Once the line containing "14K White Gold" is found in the entries below, restate it and each following line word for word, stopping after the line containing "Langue et grammaire".

**LISTED RECORDS:**
......

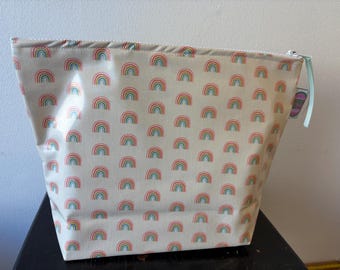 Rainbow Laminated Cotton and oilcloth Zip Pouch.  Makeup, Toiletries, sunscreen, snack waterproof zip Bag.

......

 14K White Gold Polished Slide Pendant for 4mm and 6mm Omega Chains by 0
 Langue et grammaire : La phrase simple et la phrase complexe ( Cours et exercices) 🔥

......

**SOLUTION FOR THIS PROBLEM:**
 14K White Gold Polished Slide Pendant for 4mm and 6mm Omega Chains by 0
 Langue et grammaire : La phrase simple et la phrase complexe ( Cours et exercices) 🔥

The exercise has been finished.